*** Given data Section Begins ***

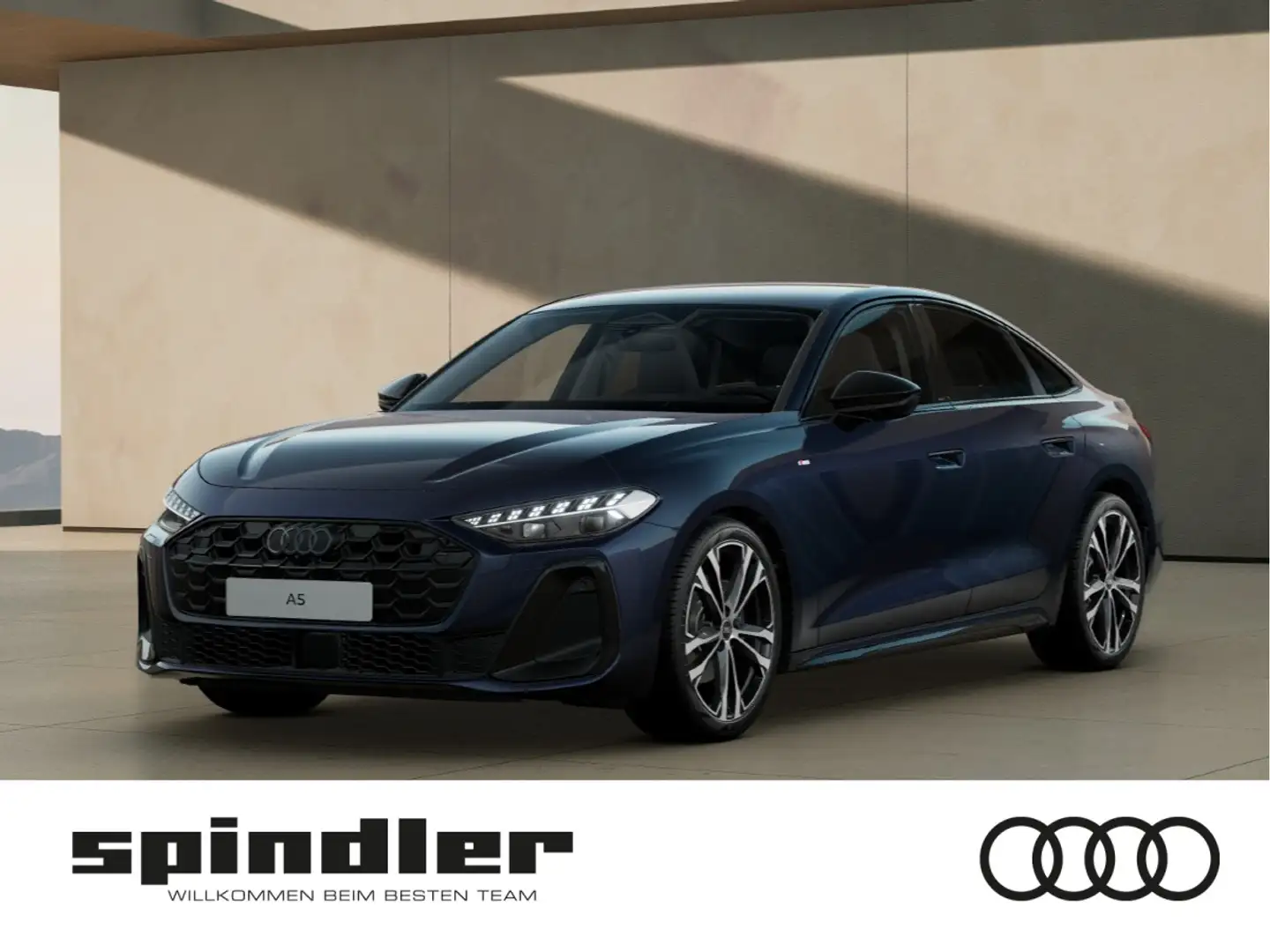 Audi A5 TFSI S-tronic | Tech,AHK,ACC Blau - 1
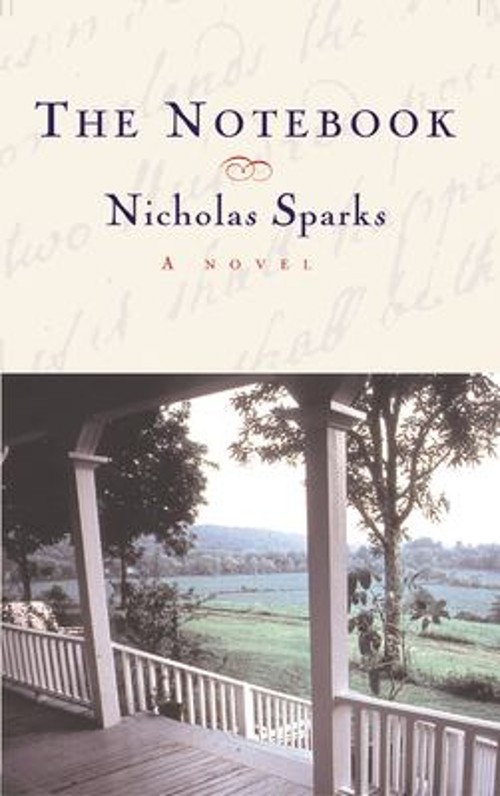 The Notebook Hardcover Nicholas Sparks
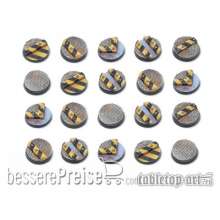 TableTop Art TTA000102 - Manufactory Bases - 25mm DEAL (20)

*** Given data Section Ends ***

### What the exercise asks
Copy the listing exactly. Leave the pictures out.

### Written response
 Audi A5 TFSI S-tronic | Tech,AHK,ACC Blau - 1
 The Notebook Hardcover Nicholas Sparks
 TableTop Art TTA000102 - Manufactory Bases - 25mm DEAL (20)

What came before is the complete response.